GetIndexMergePartialPath(IndexInfos, indexAccessPaths) {
}

// (1) Maybe we will merge some indexPaths
//    for example: index1(a) index2(b)
//    condition : a < 1 or a > 2 or b < 1 or b > 10 
//    imPaths will be [a<1,a>2,b<1,b>10] and we can merge it and get [a<1 or a >2 , b < 1 or b > 10] 
// (2)IndexMergePath.tableFilters: 
//    <1> Remove a condition from PushdownConditions and the rest will be added to tableFilter.
//    <2> After the merge operation, if any indexPath's tableFilter is not nil, we should add it into tableFilters
	
CreateIndexMergeUnionPath(imPaths,PushdownConditions,cond,IndexInfos) {
}

GetIndexMergeIntersectionPaths(pushDownConditions, usedConditionsInOr, indexInfos) {
	var partialPaths

	if len(pushDownConditions) - len(usedConditionsInOr) < 2 {
		return nil
	}
	tableFilters := append(tableFilters, usedConditionsInOr...)
	newConsiderConditions := remove(pushDownConditions, usedConditionsInOr)
	for cond in newConsiderConditions {
		indexPaths = buildAccessPath([]{cond}, indexInfos)
		if indexPaths == nil {
			tableFilters = append(tableFilters,cond)
			continue
		}
		indexPath := GetIndexMergePartialPath(indexPaths,indexInfos)
		partialPaths = append(partialPaths, indexPath)
	}
	if len(partialPaths) < 2 {
		return nil
	}
	return CreateIndexMergeIntersectionPath(partialPaths, tableFilters)
}

// Now, we just use all paths in partialPaths to generate a IndexMergeIntersection.
// We also need to merge possible paths. 
// For example: 
//   index:  ix1(a)
//   condition: a > 1 and a < 10
//   we will get two partial paths and they all use index ix1. 
// IndexMergePath.tableFilters: 
//   <1> tableFilters
//   <2> after merge operation, if any indexPath's tableFilter is not nil, we 
//       should add indexPath’s tableFilter into IndexMergePath.tableFilters
CreateIndexMergeIntersectionPath(partialPaths, tableFilters) {
}

Executor

The graph below illustrates an execution of IndexMerge scan.

Execution Model

Every index plan in PhysicalIndexMergeLookUpReader will start an IndexWorker to execute the IndexScan plan and send handles to AndOrWorker. AndOrWorker is responsible for performing set operations (and, or) to getting final handles. Then AndOrWoker sends final handles to TableWorkers to get rows from TiKV.

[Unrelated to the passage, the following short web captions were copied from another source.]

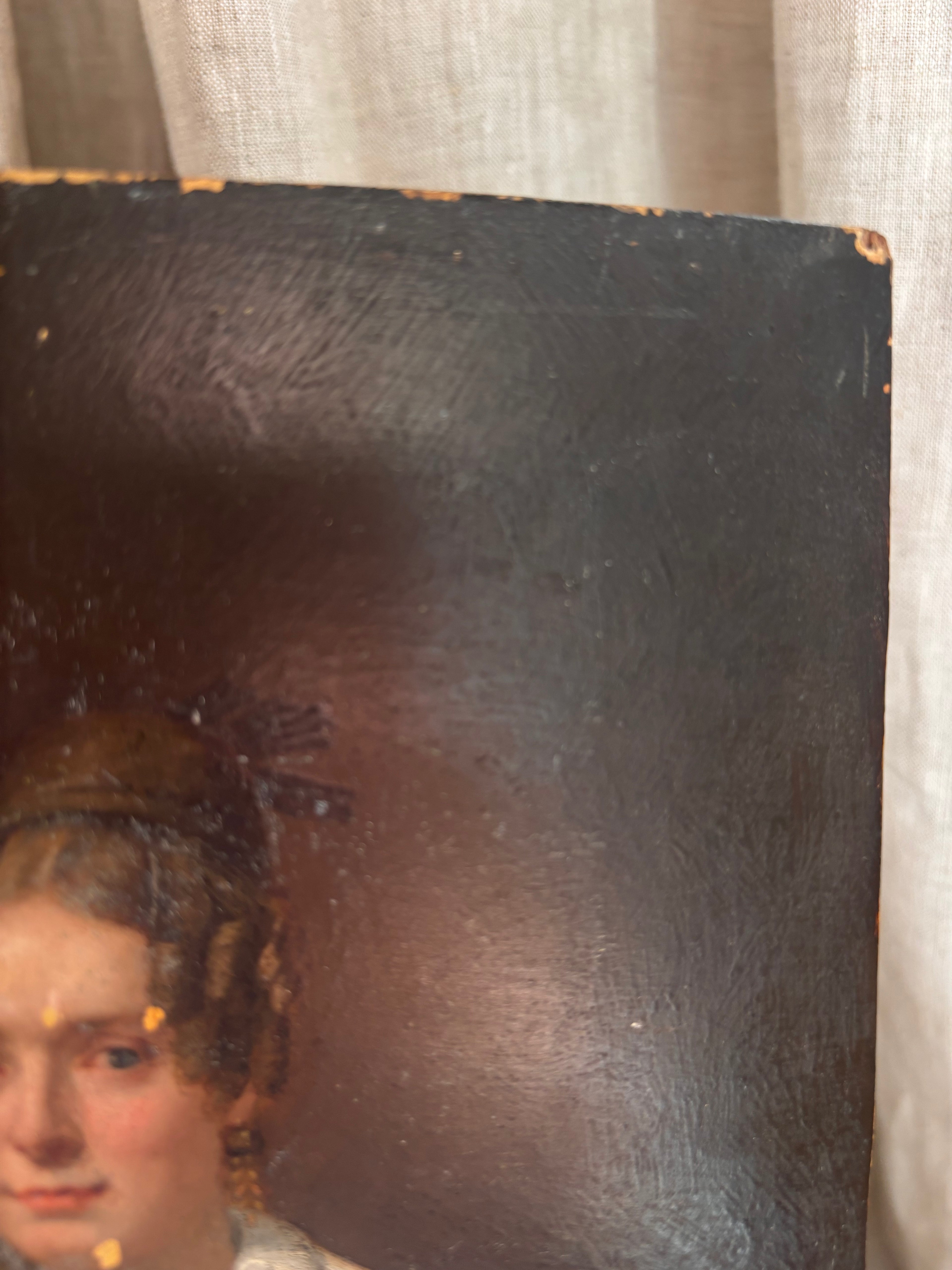 Antique Early Victorian Female Portrait c. 1830s–1840s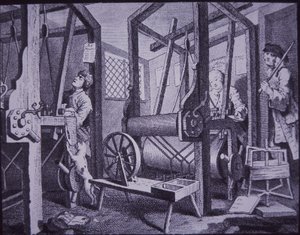 Weaving in Spitalfields, London by British School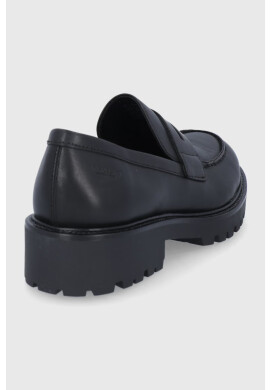 Vagabond Shoemakers Кожени половинки обувки дамски в черно с равна подметка - Pepit.bg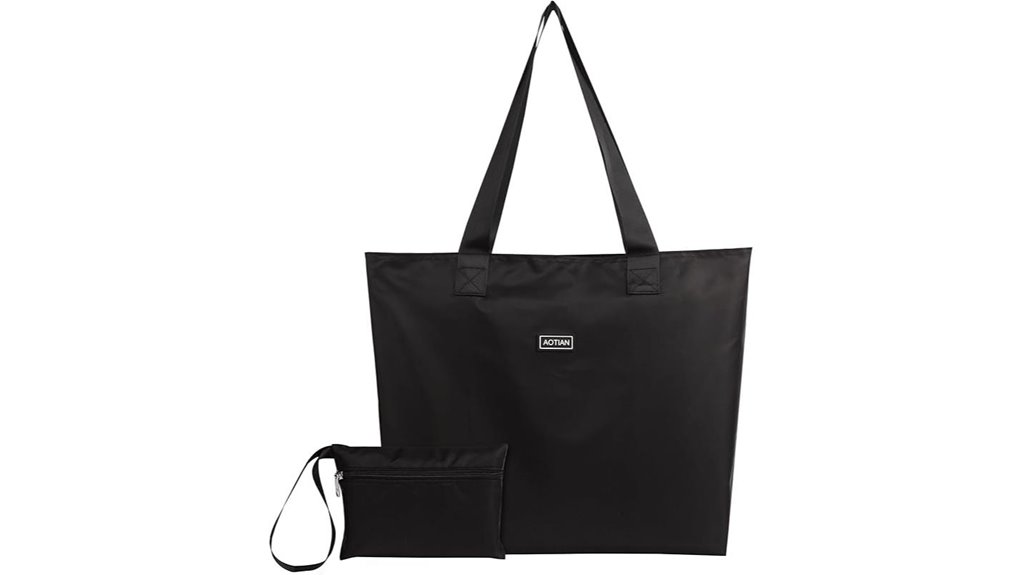 Best Packable Tote Bags That Zip Closed for Market and Transit 6 reusable heavy duty 20l bags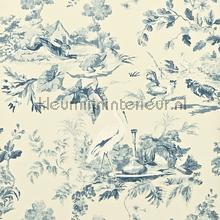 Aesops fables Blue papel pintado Sanderson Vendimia Viejo 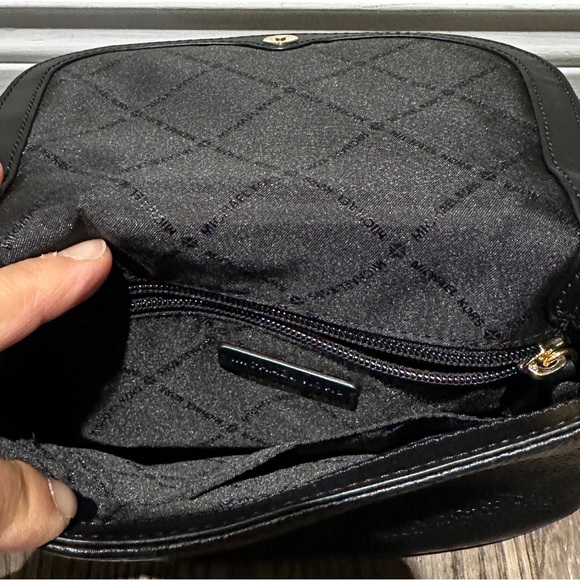 Michael Kors Black Pebbled Leather Crossbody Bag - Picture 9 of 10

Here are some designs for index plans in pipeline mode to be executed without considering the order.

(1) IndexMergeIntersection

IndexMergeIntersection

Take this example: Use set1 to record row IDs returned by ix1 but not sent to tableWorker. Use set2 to record the same thing for ix2.

If new row IDs comes from ix1, first we check if it is in set2. If yes, we delete it from set2 and send it to tableWorker. Otherwise, we add it into set1. For the above figure, we use the following table to show the processing.

new rowid set1 set2 sent to TableWorker
2(ix1) [2] [ ] [ ]
1(ix2) [2] [1] [ ]
5(ix1) [2,5] [1] [ ]
5(ix2) [2] [1] [5]
7(ix1) [2,7] [1] [ ]
2(ix2) [7] [1] [2]

(2) IndexMergeUnion

We have a structure (set) to record which row IDs are accessed. If a new row ID is returned by IndexScan, check if it is in the set. If yes, we just skip it. Otherwise, we add it into the set and send it to tableWorker.

Cost Model

There are three factors to be considered for the cost model: IO, CPU, and Network, as shown below:

  • IndexMergeType = 1

    IO Cost = (totalRowCount + mergedRowCount) * scanFactor

    Network Cost = (totalRowCount + mergedRowCount) * networkFactor

    Cpu Memory Cost = totalRowCount * cpuFactor + totalRowCount * memoryFactor

  • IndexMergeType = 2

    IO Cost = (totalRowCount) * scanFactor

    Network Cost = totalRowCount * networkFactor

    Cpu Memory Cost = totalRowCount * cpuFactor + totalRowCount * memoryFactor

  • IndexMergeType = 3

    IO Cost = (totalRowCount + mergedRowCount) * scanFactor

    Network Cost = (totalRowCount + mergedRowCount) * networkFactor

    Cpu Memory Cost = totalRowCount * cpuFactor + mergedRowCount * memoryFactor

Note:

  • totalRowCount: sum of handles collected from every index scan.

  • mergedRowCount: number of handles after set operating.

Compatibility

This proposal has no effect on the compatibility.

Implementation Procedure

  1. Implement planner operators
  2. Enhance explain to display the plan
  3. Implement executor operators
  4. Testing